Sabemos que a chave para a solução dos problemas instaurados no país, de ordem social, ética, política e econômica passa pelo resgate do comum, pela formação de consensos democráticos mínimos, por investimento em políticas públicas e por uma educação emancipatória. É preciso, pois, apostar no desejo de democracia. Para tanto, o papel da cultura merece destaque, posto que fundamental à superação do imaginário neoliberal. De igual sorte, na contramão das políticas neoliberais, deve-se investir na construção de uma saúde pública de qualidade, em medidas de preservação do meio ambiente, em ações educacionais de resgate dos princípio, regras e valores democráticos, todos necessários à reconstrução do país.

A alternativa ao caos gerado pelo neoliberalismo ultra-autoritário, do qual Jair Bolsonaro é o principal exemplo, deve ser percebida como uma atividade criativa a partir de uma nova base e de um outro princípio organizador capaz de gerar algo radicalmente contrário ao neoliberalismo. Como já se viu, o contrário do neoliberalismo é o comum. A ideia do comum é que se faz presente nas lutas sociais, movimentos populares e manifestações culturais contra o neoliberalismo. Pode-se, então, apontar que esse princípio capaz de fundar as novas relações sociais, condicionar o funcionamento do Estado e produzir uma nova economia psíquica é o “comum”, é aquilo que não pode ser apropriado ou negociado.
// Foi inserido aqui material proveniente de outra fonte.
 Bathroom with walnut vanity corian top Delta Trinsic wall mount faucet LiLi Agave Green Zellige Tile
Como princípio capaz de criar o novo, o “comum” deve ser entendido como o contrário da concorrência, da ilimitação e da propriedade privada. O “comum” não é uma coisa ou a qualidade de uma coisa, também não é um fim, nem um “modo de produção” ou mesmo um “terceiro” interposto entre o Estado e o Mercado. O comum deve ser tido mais como um substantivo do que como um adjetivo: trata-se de um “princípio” político e estratégico. O “princípio do comum” enuncia que existe o inapropriável e o inegociável. A partir da instituição do comum, novas imagens, novas normas, novos comuns e uma nova realidade podem surgir. A partir do comum, busca-se construir uma nova hegemonia, entendida como uma direção cultural e moral que se afaste da desigualdade e do horror naturalizados pelas imagens e normas neoliberais.
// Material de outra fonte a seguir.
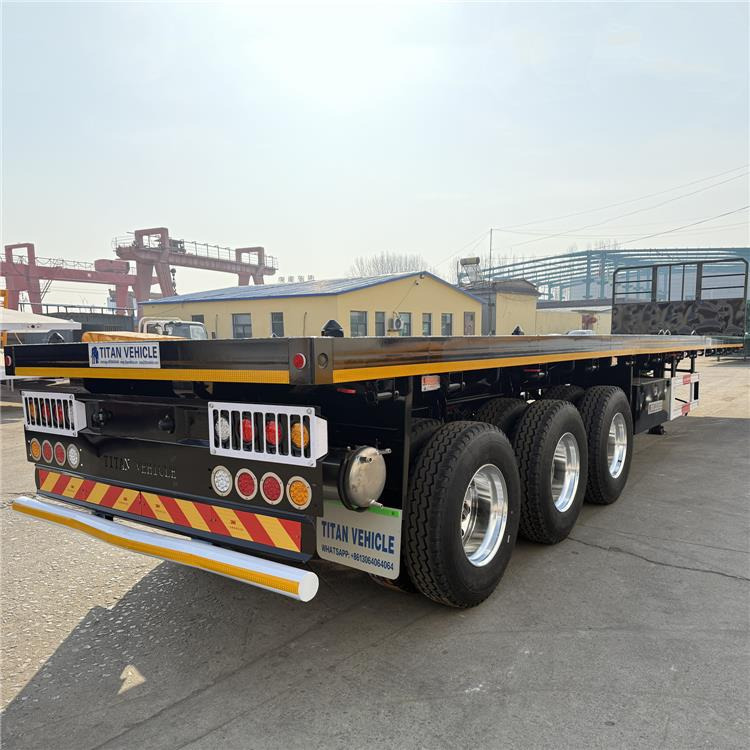 TITAN 12.5M 3 Axle Flat Deck Trailer for Sale In Tanzania - Poluprikolica za prevoz kontejnera/ Poluprikolica sa promenjivim sandukom: slika 1 TITAN 12.5M 3 Axle Flat Deck Trailer for Sale In Tanzania - Poluprikolica za prevoz kontejnera/ Poluprikolica sa promenjivim sandukom: slika 1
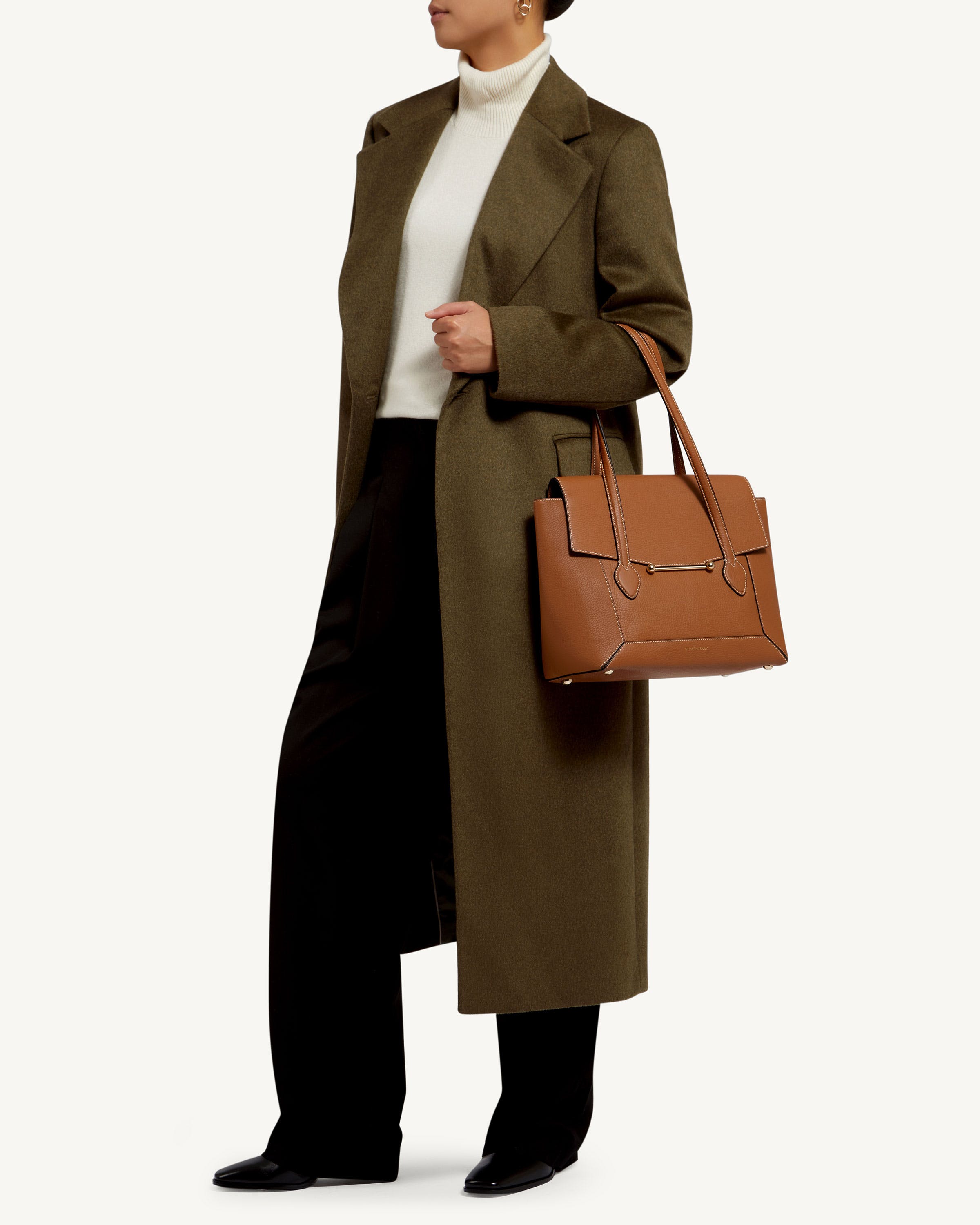 A woman holding a brown bag and a brown purse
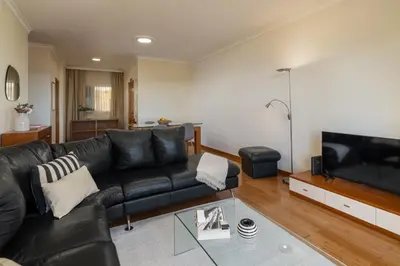 a living room with a black leather couch and a television at Pico Views by An Island Apart in Câmara de Lobos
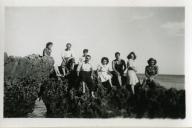 Fotografia de Maria Natália e Maria Madalena, filhas de Américo Tomás, com familiares e amigos sentados nas rochas junto à Praia de Alpertuche na Arrábida, em Setúbal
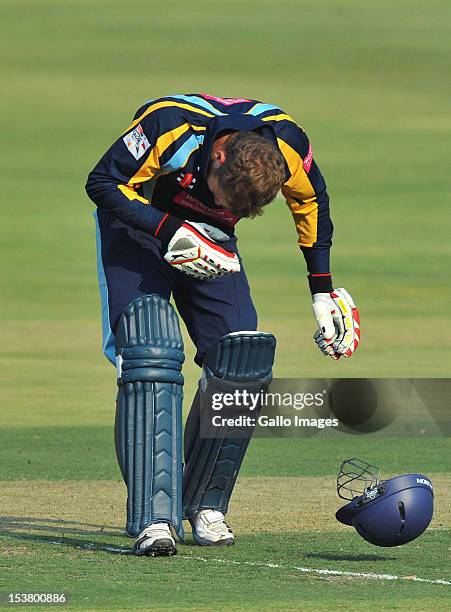 David Miller of Yorkshire goes down after being struck by a bouncer during the Karbonn Smart CLT20 pre-tournament Qualifying Stage match between...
A alternativa ao neoliberalismo passa por instaurar uma esfera do inegociável, regida pela norma da inapropriabilidade: determinadas coisas não devem ser apropriadas porque devem ser reservadas ao uso comum. Em outras palavras, o princípio do comum, como norma que é, impõe limites ao exercício do poder, de qualquer poder, e também à busca de lucros, que são instituídos a partir de práticas coletivas instituintes dos comuns. Os direitos fundamentais, por exemplo, são “comuns” que resultaram de lutas coletivas e hoje representam uma esfera do inegociável.

No campo político, o comum leva à efetiva atividade de deliberar sobre o que é “bom” ou “justo”, bem como sobre as ações e opções que devem ser tomadas a partir da atividade coletiva. Abandonam-se, em princípio, “cálculos matemáticos” e “técnicas de gestão” adotadas a priori, substituindo-as por deliberação e julgamentos coletivos diante das particularidades e da sensibilidade inerentes a cada caso concreto. Em suma, para superar o neoliberalismo é preciso construir uma racionalidade, uma normatividade e um imaginário do “comum”, daquilo que vale por ser construído “por” e “para” todos. Daquilo que, por ser comum, é inegociável. Por isso é preciso insistir na força do comum, desdemonizar a palavra e refundar o conceito de comum como objeto da política. Não é impossível. Nesse sentido, foi pensada a obra que o leitor tem em mãos.